A key challenge was ensuring the system could handle zip files as large as 100GB. To address this, we developed a production-level system in Go capable of automatically extracting 100GB zip/7z files uploaded to GCS.

This Post outlines the technology behind our solution.

Background

PLATEAU VIEW screen
PLATEAU VIEW screen

Project PLATEAU, led by Japan's Ministry of Land, Infrastructure, Transport and Tourism (MLIT), aims to create open data 3D city models nationwide. As part of this initiative, Eukarya developed and operates PLATEAU VIEW, which includes:

  1. Data visualization capabilities
  2. A cloud-based data management platform (CMS) that:
    • Aggregates data from over 200 municipalities and 5+ companies
    • Enables end-to-end data processing (quality inspection, conversion, publication)

Key features:

  • Uses Re:Earth CMS, developed by Eukarya with a Go backend
  • Allows users to upload CityGML data adhering to PLATEAU specifications
  • Handles large files (several to tens of gigabytes) with complex folder structures
  • Requires uploading compressed zip/7z files
  • Extracts files on the cloud and places them on Google Cloud Storage (GCS) for public distribution

To meet these requirements, we developed a system capable of extracting large zip/7z files in the cloud environment.

Initial Architecture

Initially, the implementation was simple: after uploading an archive file from a web browser via an API (running on Cloud Run) to GCS, a worker (also on Cloud Run) would extract the archive file entirely into memory and upload the extracted files to GCS in parallel.

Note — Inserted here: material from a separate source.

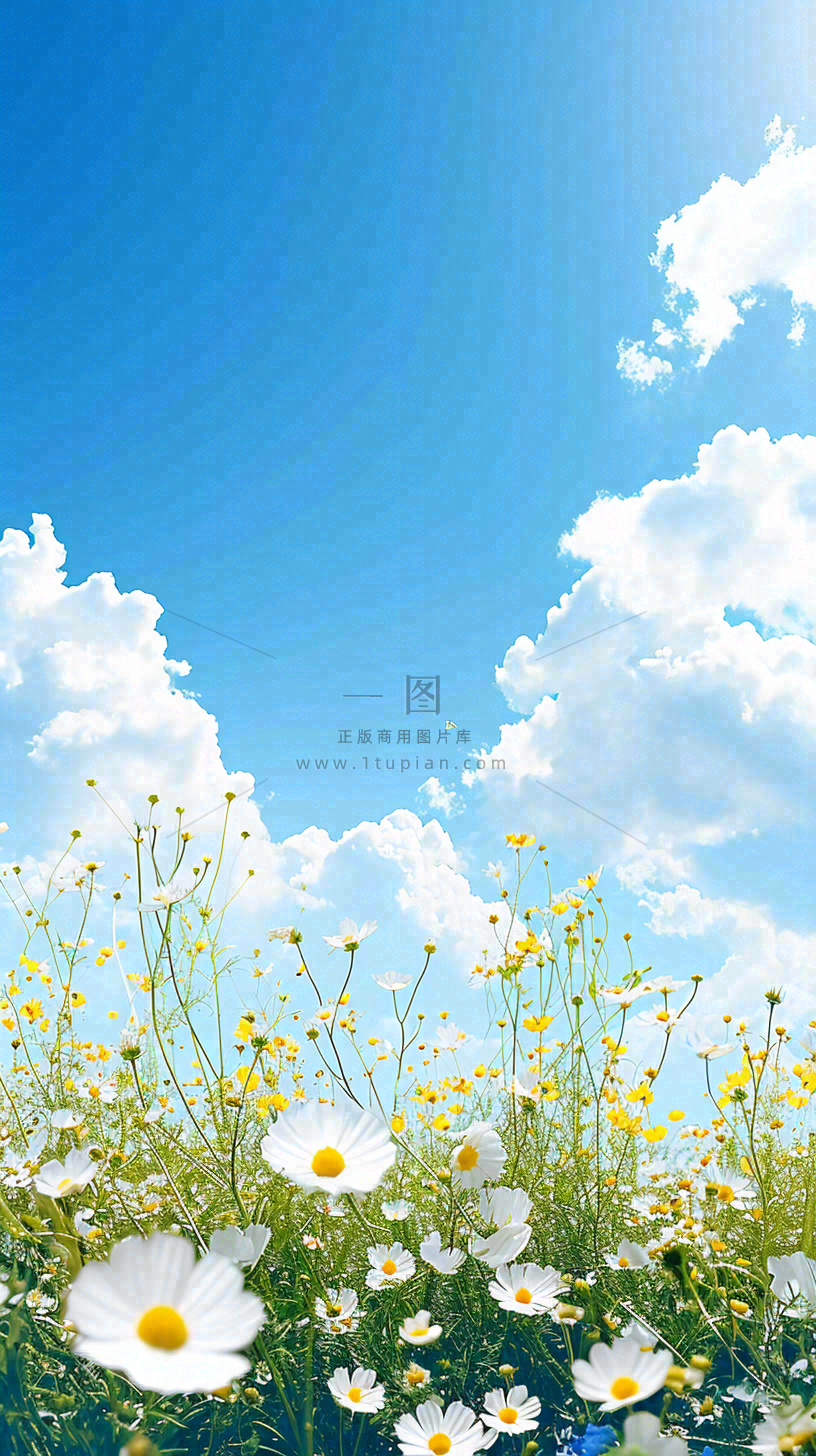 城市晴天阳光鲜花春天蓝天白云,立夏小满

This setup had the following issues, failing to meet the requirements:

  • The zip file was too large, causing timeouts during the upload to the Cloud Run API server.
  • The zip file was too large, leading to insufficient memory in the worker (Go requires loading the entire zip file into memory as io.ReaderAt for extraction).
  • The zip file was too large, resulting in very long processing times and subsequent timeouts (sometimes taking tens of hours).

Initial Architecture Limitations:

  • Could only handle zip files up to 4GB

Improvement Goal:

  • We set "being able to extract 10GB zip files" as our first milestone for system enhancement.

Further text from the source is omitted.